Figure 1: Experimental apparatuses and setup.
figure 1

(a) Chimpanzees in the GO group (blue food box on left) could release a peg, allowing food to be shaken out, whereas those in the NO-GO group (green food box on right) would prevent food from being shaken out. (b) In the test conditions, recipients would sit in front of the food box (left of image) and actors would face them across a keeper’s corridor (right); the peg was attached to the mesh of the actor’s room (right).

Actors were no more likely to release the peg to help the recipient in the GO group as they were to release it to block recipients’ access to food in the NO-GO group (exact Mann-Whitney U test, NGO=6, NNO-GO=7, U=17.00, P=0.628; Fig. 2 and Supplementary Movies 1–3). Chimpanzees in both groups initially released the peg at high rates (83% in GO and 86% in NO-GO), but quickly declined to do so in subsequent trials (Spearman’s rho: GO rs=−0.822, N=16, P<0.001; NO-GO rs=−0.703, N=16, P=0.002). Both groups showed a typical extinction curve consistent with lack of reinforcement, along with ‘spikes’ at the start of each session (spontaneous recovery of stimulus attraction).

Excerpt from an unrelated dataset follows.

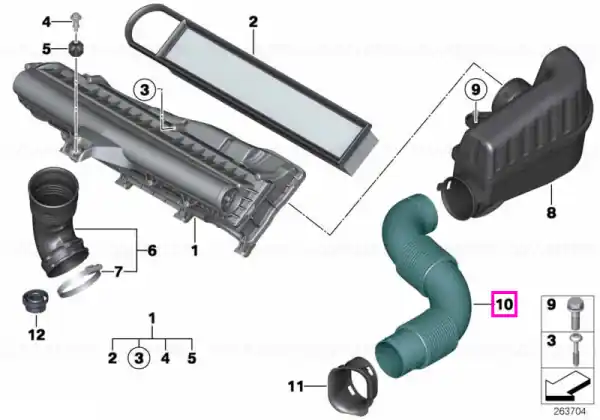 Preț redus Conducta admisie aer, filtru aer motor - Mini Countryman R60, Paceman R61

In sum, chimpanzees in experiment 1 did not behave in a manner consistent with prosocially motivated helping: actors did not appear to intend the social outcomes that resulted from their actions and any social consequences did not appear to be intrinsically rewarding.

Figure 2: Results of experiment 1.
figure 2

Across four sessions, actors in both the GO group (blue, open circles) and NO-GO group (green, closed circles) showed a decline in the percentage of trials in which they released the peg. At the start of each session (dashed line) there is a spike in performance consistent with spontaneous recovery.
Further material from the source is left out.